Return the data below exactly as given, except for the images.

__Provided data__:
·····

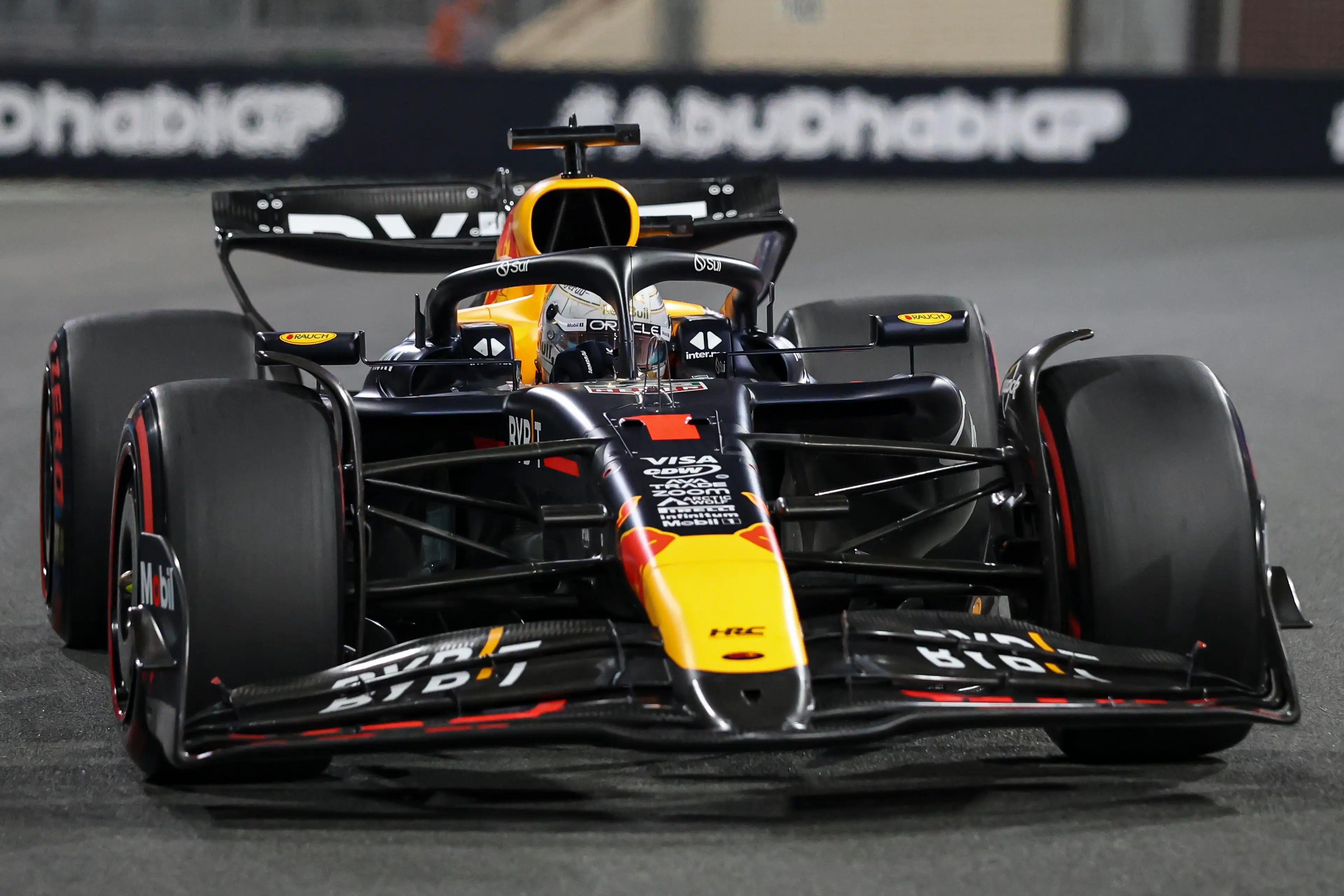 Verstappen's Red Bull sporting the number 1 (credit: getty)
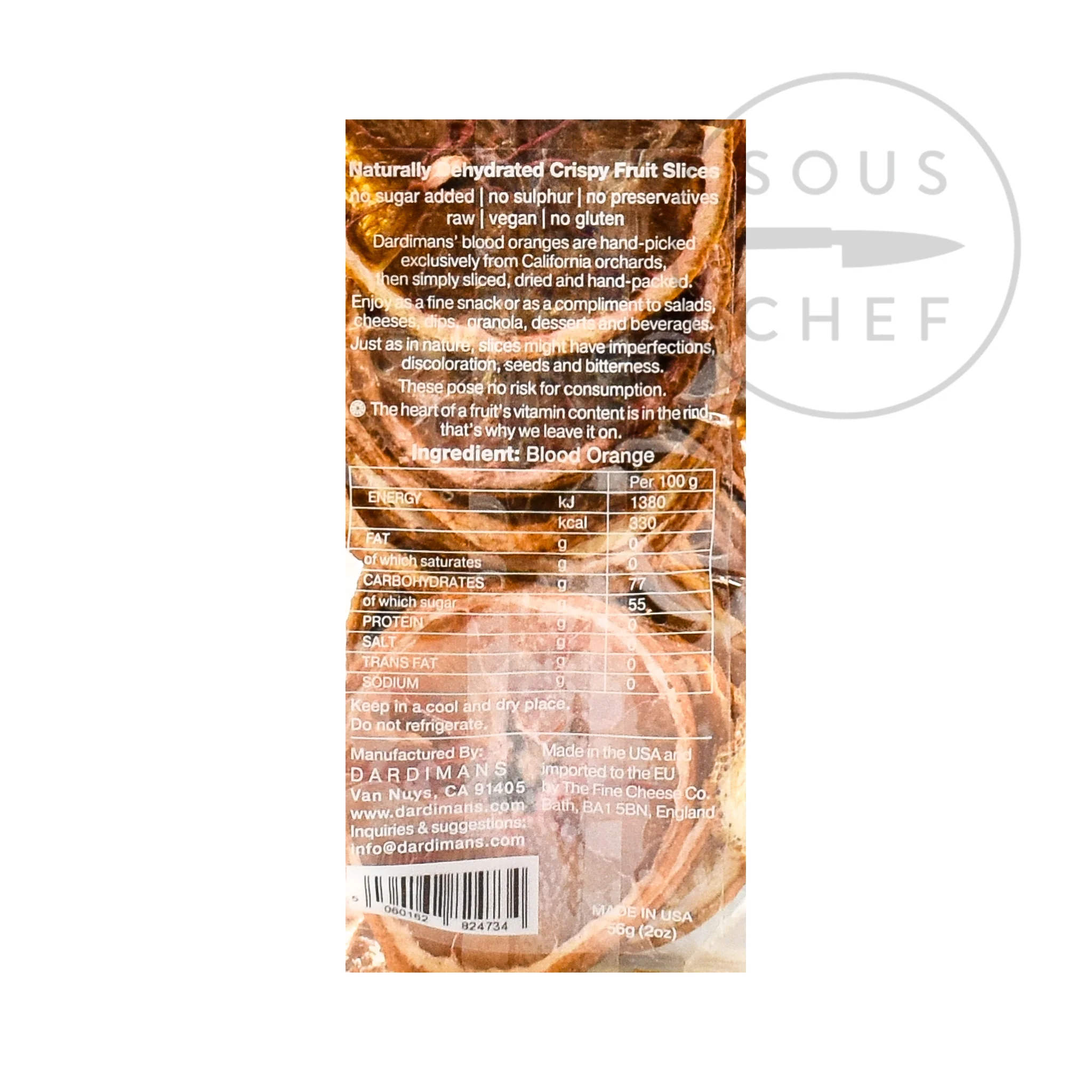 California Crisps Blood Orange Slices, 42g - Image 2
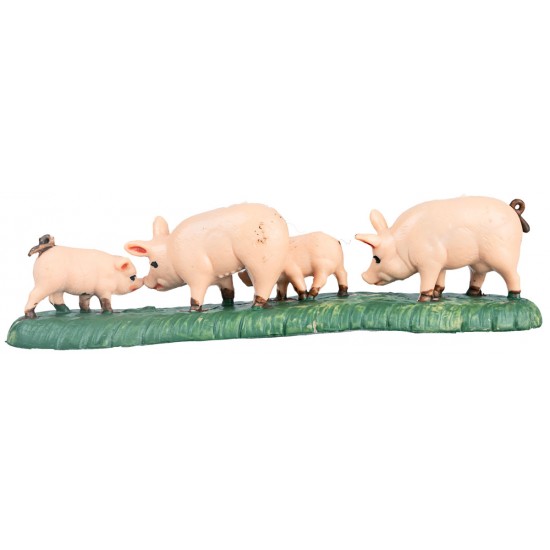 Gruppo di 4 maiali per statue da 10 cm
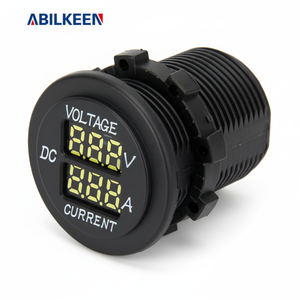 อาบิลคีน ดิวัล ดิจิตอล โวลต์มิเตอร์ 120V DC จอแสดงผล LED เครื่องวัดแรงดันไฟฟ้า เครื่องวัดกระแสไฟฟ้า เครื่องทดสอบแบตเตอรี่รถยนต์ - Product Image 1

·····

__Result of the exercise__:
 Verstappen's Red Bull sporting the number 1 (credit: getty)
 California Crisps Blood Orange Slices, 42g - Image 2
 Gruppo di 4 maiali per statue da 10 cm
 อาบิลคีน ดิวัล ดิจิตอล โวลต์มิเตอร์ 120V DC จอแสดงผล LED เครื่องวัดแรงดันไฟฟ้า เครื่องวัดกระแสไฟฟ้า เครื่องทดสอบแบตเตอรี่รถยนต์ - Product Image 1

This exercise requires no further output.